Installation

In order to keep clean your working environment it is advised to download virtualenv to create an isolated python environment. To install virtualenv globally using pip run

[sudo] pip install virtualenv

Now we can create an isolated python environment. We use Python3 so we need a Python3 virtual environment, in order to create it run

cd ~
mkdir thxou-venv/
cd thxou-venv/
virtualenv -p python3 thxvenv

Now that we created the virtual environment we need to activate it

source ~/thxou-venv/thxvenv/bin/activate

Now go to the src/ folder of the project and install the dependencies of the project using pip

pip3 install -r requirements.txt

You are ready to run the scripts below. To deactivate the virtual environment(when you finish working with the scripts) type the command

deactivate

Query by Singing/Humming

A Query by Singing/Humming approach (QbSH) approach using Dynamic Time Warping (DTW). Workflow tutorial:

  1. Download and extract the MIR-QBSH dataset and place it under src/datasets/MIR-QBSH-corpus/.
  2. Change working directory to src/
  3. Execute create_dbs.sh in order to extract the .midi and .wave pitch vectors and store them in the corresponding pickle files.
  4. Execute the following:
./search.py --preprocess --pickle-whole --database "./midi.pickle" "./wave.pickle"

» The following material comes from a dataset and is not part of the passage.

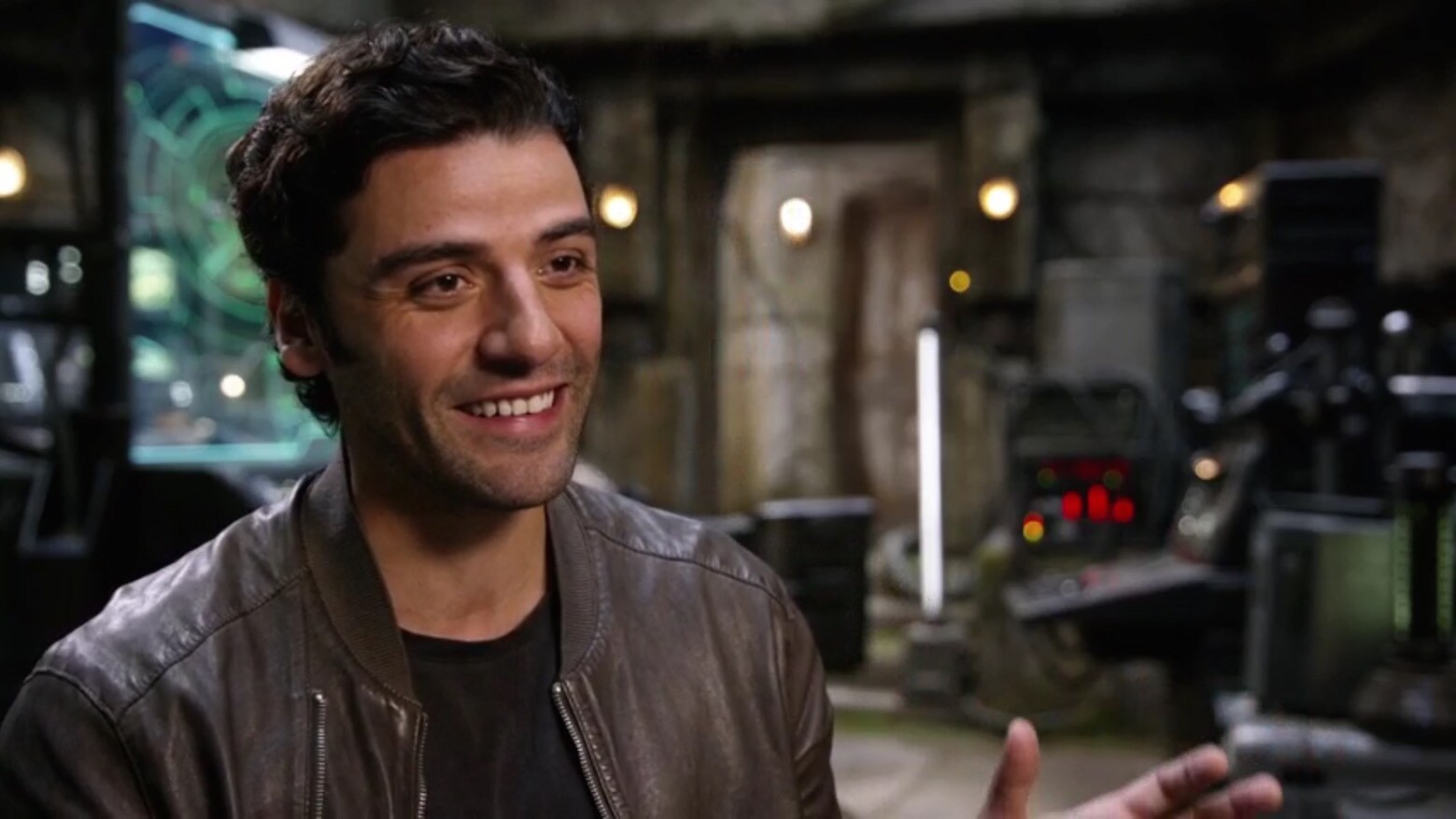 Poe Comes Back - Secrets of The Force Awakens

This should iterate every element in wave.pickle, normalize it (maybe we should change this, as it isn't really normalization) and try to find the best matches for it in midi.pickle. The MIDI pitch vectors remain unchanged and all of the preprocessing refers to the input query pitch vector. This workflow creates once the pitch vectors databases, which is a very time-consuming task, and performs normalization/preprocessing of the input query in run-time, allowing easier experimentation. Most of this approach has been adapted from this. The MIR dataset is preferred because it guarantees that all input queries start from the beginning, as it states:

All queries are from the beginning of references.

IOACAS on the other hand, states:

No guarantee for each humming starts from the beginning of the songs.

We consider a match if for each query, the ground truth is contained in the top ten matches sorted by DTW score. Thus, in the MIR corpus we were able to achieve an accuracy of 58.77% with a sample size of 4431 queries.